[[ Record set open ]]

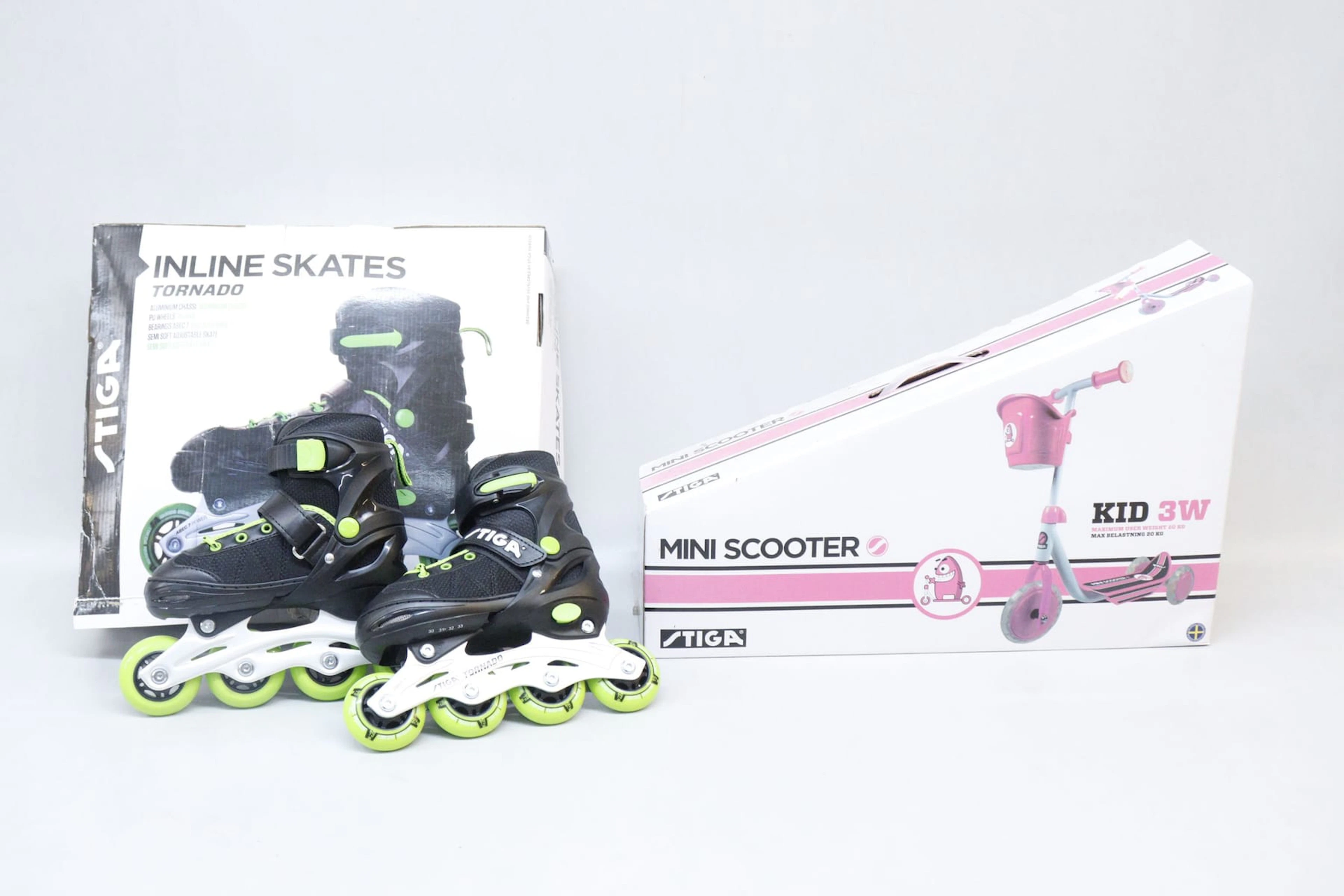 Inline skates, samt kick/miniscooter, Stiga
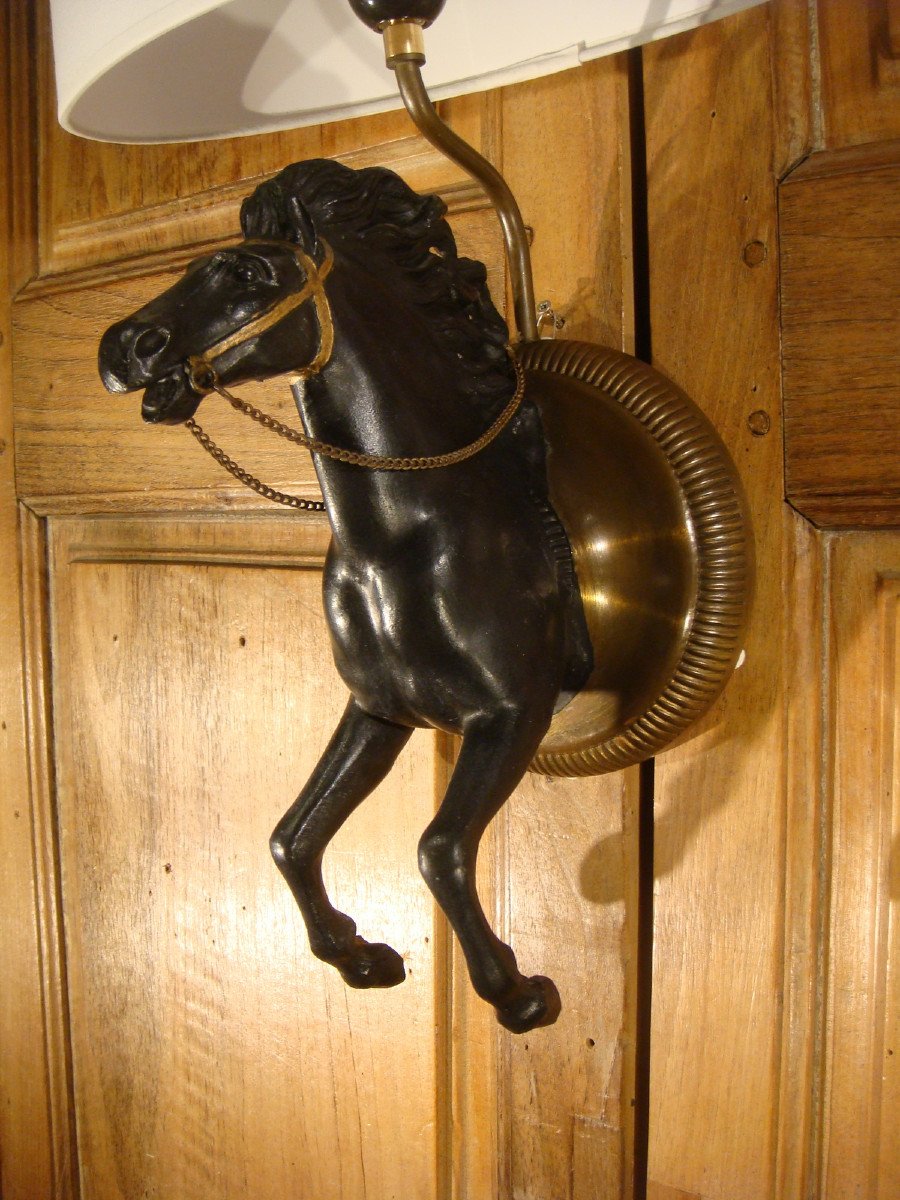 Horse Wall Lamp Period Circa 1970-photo-3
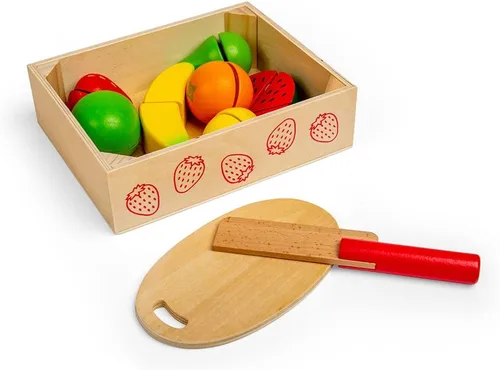 Miniatura 6 de Bigjigs Toys Caja de madera para cortar frutas con tabla de cortar y cuchillo - Juguetes de comida para jugar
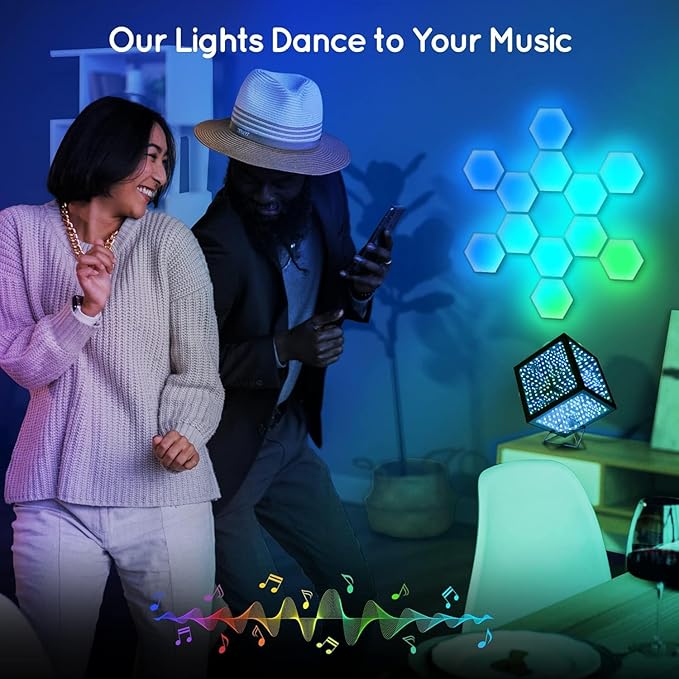 Heepulor Infinity Hyper Cube LED Light LED Controller with Stand, Controller & Sound & App Reactive Table Lamp - Cool & Creative Multicolor Decorative Mirror Art Desk Night Light (8.2 Inches)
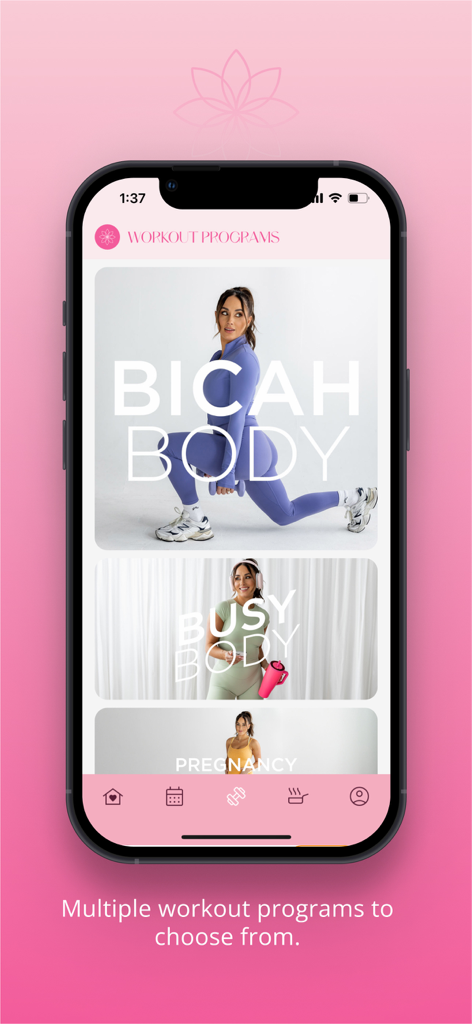 Interfaccia dell'app di fitness Bicah che mostra vari programmi di allenamento come Bicah Body e Busy Body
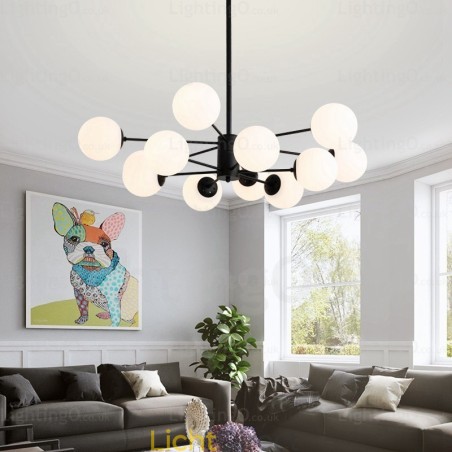 12-lichts Scandinavische kroonluchter met glazen kap 12-lichts Scandinavische kroonluchter met glazen kap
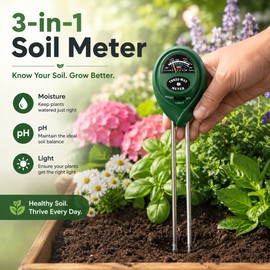 3-in-1 Soil pH Meter for Garden Plants – Moisture, Light & Acidity Tester for Flowers, Pots & Lawns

[[ Record set closed ]]

#### [Your objective]
Within the listing above, print exactly the stretch beginning at the line that contains "Miniatura 6 de" and finishing at the line that contains "Interfaccia dell'app di", ends kept, pictures left out, and nothing more.

#### [Task output]
 Miniatura 6 de Bigjigs Toys Caja de madera para cortar frutas con tabla de cortar y cuchillo - Juguetes de comida para jugar
 Heepulor Infinity Hyper Cube LED Light LED Controller with Stand, Controller & Sound & App Reactive Table Lamp - Cool & Creative Multicolor Decorative Mirror Art Desk Night Light (8.2 Inches)
 Interfaccia dell'app di fitness Bicah che mostra vari programmi di allenamento come Bicah Body e Busy Body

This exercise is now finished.